Whilst conducting a pre-flight system check at [Base], it became apparent there was an issue with the aircraft similar to one that I had experienced with it before. Due to the engineers on my previous event in this aircraft being concerned by it I was equally concerned and decided to return to stand.
We were met by an engineer who I feel was putting undue commercial pressure on us to accept the aircraft. He was extremely rude and told us we were basically wrong and that there was no standby aircraft so we were cancelling a service because the aircraft was perfectly serviceable – all this whilst he was outside the aircraft on the headset. I told the engineer to come up and stairs were attached. He came into the flight deck and I demonstrated what I had experienced. Again, significant pressure was put on us to accept the aircraft but we AOG’d it, refused to accept it, and were moved to a standby aircraft which was available all morning. I was quite flustered by the whole event and it took a lot of effort to put it behind me. Several SOP slips were subsequently made and, although not unsafe, there was a noticeable impact on the efficient running of the flight due to the pressure being put on us by the engineer. I felt berated for doing my job as a ‘guardian of safety’ and ‘last line in the defence’ and I feel this individual had no thoughts of flight safety or of his actions.
Firstly, CHIRP commends the reporter for doing the right thing; it is for the aircraft commander to decide whether or not they are happy with the state of the aircraft before they fly it and so they were absolutely right to reject pressure from the engineer to ignore their concerns: the old aviation maxim of ‘If there’s any doubt, there’s no doubt’ applies. Although the engineer may have considered that their professional abilities were being questioned and were probably under pressure themselves to meet scheduling requirements, advocating that the crew take the aircraft without any real investigation being conducted to determine whether or not there was an issue seems unwise at best. That the Captain had rejected the aircraft before for a similar issue should have raised red flags to everyone so it’s disappointing that more caution wasn’t exercised. Repetitive defects are a real cause for concern but, that being said, we should also be cautious about confirmation bias in potentially rejecting aircraft simply because we may have experienced problems with that airframe before.

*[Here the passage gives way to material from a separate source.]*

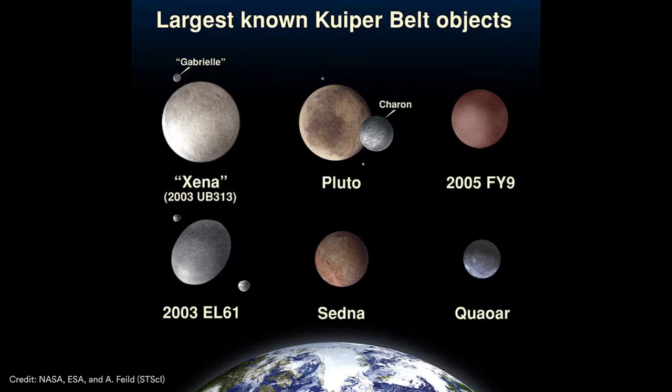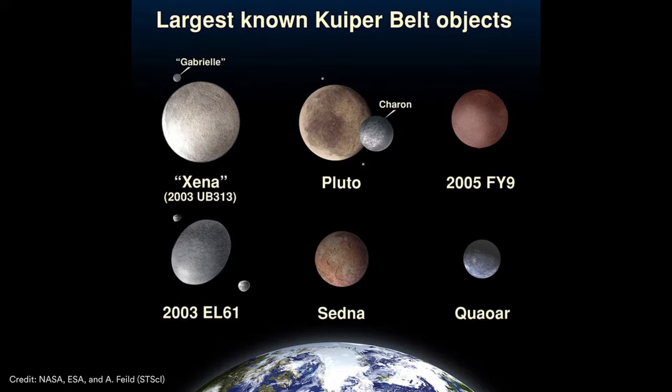Now the belt is not really a belt in the sense that Saturn's rings are not like a ring. They're basically just orbits of small moons going around Saturn. And so the Kuiper Belt of course is not a rigid space object. It's just a region, and aptly it should probably be shaped more like a donut. The Sun is in the middle.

On a Human Factors note, the fact that the crew were then flustered and made mistakes in the subsequent flight should be a warning to all of the negative results that confrontational engagements can have. Ground Handling and Maintenance personnel need to ensure that aircraft crews are not agitated by their interactions (and vice-versa) and, although it’s easier said than done, if unsettled and flustered by any event such as this, everyone needs to take a moment to recover their composure before carrying on with their tasks so that they are in the right frame of mind to avoid errors and mistakes.
As a matter of detail, when CHIRP spoke with the company concerned they said that subsequent investigations by the engineering team did result in a component change. Acknowledging this, they agreed that the main lesson from the report was to highlight the Human Factors connotations rather than dwell on the technical aspects.